A quick update as we have been working on a number of projects. One is creating a simplified road network for London to explore the road structure in relation to network theory (see Masucci) but also for its use in accessibility measures. Our second project is building a detailed land use database for London (using SQL Server which we access through ArcSDE).

The purpose of the database is so our research group can use it for various applications (such as land use modelling, residential agent-based modelling, urban sprawl analysis, sustainability, rain water harvesting etc). The aim of the land use database is to tag all the buildings within London with various attributes such as use, whether it is a house, a flat or an office etc. The data sets we are using include; Ordnance Survey MasterMap and Address layer 2 , building heights via LIDAR data from InfoTerra. We are using Cities Revealed data for residential building types and age along with several other datasets. When combined it will allow for fine scale and extensive modelling of the of London’s housing market & built environment.

Below are some preliminary outputs, including a land use visualisation of the Isle of Dogs, the London Borough of Tower Hamlets broken down by residential property types and finally residential density within a section of the Isle of Dogs.
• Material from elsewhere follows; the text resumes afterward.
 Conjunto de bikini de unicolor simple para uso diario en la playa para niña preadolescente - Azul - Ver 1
Isle of Dogs Land-use 3D Visualisation (Red is Residential, Dark blue is Office, Light blue is Office Mixed Use).

Housing Classification of Tower Hamlets, London (yellow is terraced housing, blue is flats and grey is non residential).

Residential Density within the Isle of Dogs (Dwellings per Hectare)
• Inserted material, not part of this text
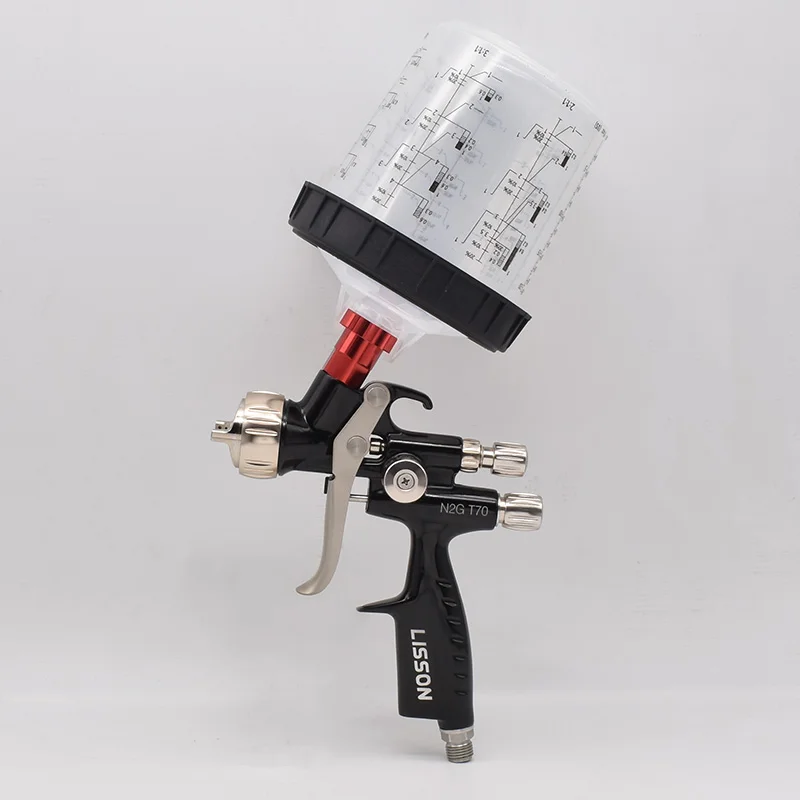Pistol semprot udara profesional T70 1.3mm, nosel kualitas tinggi, pistol lukisan mobil, sikat udara minyak untuk mengecat mobil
2 Replies to “The London Database”

  1. The combined land use data is interesting. I wonder why you use ArcSDE and SQL Server when you could learn to use some open source alternatives and then look to tap into available Grid Computers to do the data integration.
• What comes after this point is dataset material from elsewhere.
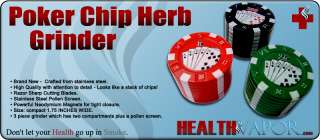 Poker Chip Herb Grinder 3 Piece Metal $25 Dollar GREEN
    There are lots of metrics for the buildings/parts of buildings that could be useful. Size of the biggest room, volume, floor area etc… Hard to know what you can get until I take a look at the data I suppose. What about land registry data? I wonder what other property databases there are out there…

    London and Edinburgh and a few other cities in the UK may have a lot going on underground depending on where ground level is determined and if that is a single thing.

    Pretty pictures. Can you do the last one again as dwellings per unit volume? It would be interesting to compare that with some other census classifications.

  2. Hi Andy,

    Interesting comments. About the sub-building geometry- the concept with the database is to be as open-ended as possible in what data can be included. The initial base uses mastermap and LIDAR building heights as the geometry, so is widely available and produces basic building volume (2.5D), but is missing number of floors, rooms, floorspace etc. However using detailed address data (which we’ve matched to the geometry) you can pull in further socio-economic datasets, like land registry and other residential data for example, or Valuation Office floorspace for commercial property analysis.

    There are lots of property based datasets out there. We’ve done some analysis with the land registry house prices and would be good to investigate patterns in the downturn. Unfortunately the data does not have number of bedrooms which obviously has a big influence on prices.

    Regarding open source- we are interested in expanding skills in Postgres and so on, but we are also an ESRI lab and there were a few advantages going down the SDE route. There are several interfaces to SDE and it’s not limited to ESRI clients. For example we’re interested in the LandXplorer software for large scale 3D city visualisation that is compatible with SDE.